#### [Records from a data source]
::::::
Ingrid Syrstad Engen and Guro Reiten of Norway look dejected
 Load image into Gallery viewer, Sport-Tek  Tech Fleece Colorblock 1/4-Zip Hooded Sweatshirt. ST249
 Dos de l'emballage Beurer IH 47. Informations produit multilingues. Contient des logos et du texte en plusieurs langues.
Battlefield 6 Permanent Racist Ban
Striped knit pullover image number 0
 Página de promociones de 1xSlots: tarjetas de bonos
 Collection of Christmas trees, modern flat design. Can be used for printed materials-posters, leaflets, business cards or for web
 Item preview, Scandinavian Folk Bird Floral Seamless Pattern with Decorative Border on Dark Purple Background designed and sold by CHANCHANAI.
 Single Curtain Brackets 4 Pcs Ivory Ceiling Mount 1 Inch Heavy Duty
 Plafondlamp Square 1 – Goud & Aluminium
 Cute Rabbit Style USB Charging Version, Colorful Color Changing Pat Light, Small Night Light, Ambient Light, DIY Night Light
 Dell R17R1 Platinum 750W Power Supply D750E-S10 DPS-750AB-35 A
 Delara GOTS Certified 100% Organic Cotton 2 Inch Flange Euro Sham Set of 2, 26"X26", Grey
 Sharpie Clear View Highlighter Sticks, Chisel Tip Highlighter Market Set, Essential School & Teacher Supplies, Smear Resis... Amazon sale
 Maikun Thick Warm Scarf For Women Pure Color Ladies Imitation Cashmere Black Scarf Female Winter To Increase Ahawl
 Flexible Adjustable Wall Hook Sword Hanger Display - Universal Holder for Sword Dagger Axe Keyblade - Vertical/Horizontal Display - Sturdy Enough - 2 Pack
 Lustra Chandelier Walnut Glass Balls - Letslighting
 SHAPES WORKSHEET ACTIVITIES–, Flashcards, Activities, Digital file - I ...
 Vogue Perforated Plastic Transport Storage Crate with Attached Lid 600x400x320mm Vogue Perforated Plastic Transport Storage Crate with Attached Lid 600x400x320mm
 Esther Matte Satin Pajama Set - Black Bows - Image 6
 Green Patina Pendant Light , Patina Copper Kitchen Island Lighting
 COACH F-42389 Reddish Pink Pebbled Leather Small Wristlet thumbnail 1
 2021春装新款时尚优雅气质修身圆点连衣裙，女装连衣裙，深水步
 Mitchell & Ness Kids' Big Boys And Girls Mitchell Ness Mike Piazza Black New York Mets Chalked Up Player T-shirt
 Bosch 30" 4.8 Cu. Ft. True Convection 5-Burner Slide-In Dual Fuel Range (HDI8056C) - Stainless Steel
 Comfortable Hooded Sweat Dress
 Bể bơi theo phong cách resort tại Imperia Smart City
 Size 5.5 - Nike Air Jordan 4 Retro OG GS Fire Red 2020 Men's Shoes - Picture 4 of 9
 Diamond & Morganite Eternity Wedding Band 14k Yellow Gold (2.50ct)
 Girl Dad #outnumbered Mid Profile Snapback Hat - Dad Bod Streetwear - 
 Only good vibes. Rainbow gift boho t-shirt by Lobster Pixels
::::::
#### [What is being asked]
Repeat all the entries word for word.

#### [Answer to the exercise]
Ingrid Syrstad Engen and Guro Reiten of Norway look dejected
 Load image into Gallery viewer, Sport-Tek  Tech Fleece Colorblock 1/4-Zip Hooded Sweatshirt. ST249
 Dos de l'emballage Beurer IH 47. Informations produit multilingues. Contient des logos et du texte en plusieurs langues.
Battlefield 6 Permanent Racist Ban
Striped knit pullover image number 0
 Página de promociones de 1xSlots: tarjetas de bonos
 Collection of Christmas trees, modern flat design. Can be used for printed materials-posters, leaflets, business cards or for web
 Item preview, Scandinavian Folk Bird Floral Seamless Pattern with Decorative Border on Dark Purple Background designed and sold by CHANCHANAI.
 Single Curtain Brackets 4 Pcs Ivory Ceiling Mount 1 Inch Heavy Duty
 Plafondlamp Square 1 – Goud & Aluminium
 Cute Rabbit Style USB Charging Version, Colorful Color Changing Pat Light, Small Night Light, Ambient Light, DIY Night Light
 Dell R17R1 Platinum 750W Power Supply D750E-S10 DPS-750AB-35 A
 Delara GOTS Certified 100% Organic Cotton 2 Inch Flange Euro Sham Set of 2, 26"X26", Grey
 Sharpie Clear View Highlighter Sticks, Chisel Tip Highlighter Market Set, Essential School & Teacher Supplies, Smear Resis... Amazon sale
 Maikun Thick Warm Scarf For Women Pure Color Ladies Imitation Cashmere Black Scarf Female Winter To Increase Ahawl
 Flexible Adjustable Wall Hook Sword Hanger Display - Universal Holder for Sword Dagger Axe Keyblade - Vertical/Horizontal Display - Sturdy Enough - 2 Pack
 Lustra Chandelier Walnut Glass Balls - Letslighting
 SHAPES WORKSHEET ACTIVITIES–, Flashcards, Activities, Digital file - I ...
 Vogue Perforated Plastic Transport Storage Crate with Attached Lid 600x400x320mm Vogue Perforated Plastic Transport Storage Crate with Attached Lid 600x400x320mm
 Esther Matte Satin Pajama Set - Black Bows - Image 6
 Green Patina Pendant Light , Patina Copper Kitchen Island Lighting
 COACH F-42389 Reddish Pink Pebbled Leather Small Wristlet thumbnail 1
 2021春装新款时尚优雅气质修身圆点连衣裙，女装连衣裙，深水步
 Mitchell & Ness Kids' Big Boys And Girls Mitchell Ness Mike Piazza Black New York Mets Chalked Up Player T-shirt
 Bosch 30" 4.8 Cu. Ft. True Convection 5-Burner Slide-In Dual Fuel Range (HDI8056C) - Stainless Steel
 Comfortable Hooded Sweat Dress
 Bể bơi theo phong cách resort tại Imperia Smart City
 Size 5.5 - Nike Air Jordan 4 Retro OG GS Fire Red 2020 Men's Shoes - Picture 4 of 9
 Diamond & Morganite Eternity Wedding Band 14k Yellow Gold (2.50ct)
 Girl Dad #outnumbered Mid Profile Snapback Hat - Dad Bod Streetwear - 
 Only good vibes. Rainbow gift boho t-shirt by Lobster Pixels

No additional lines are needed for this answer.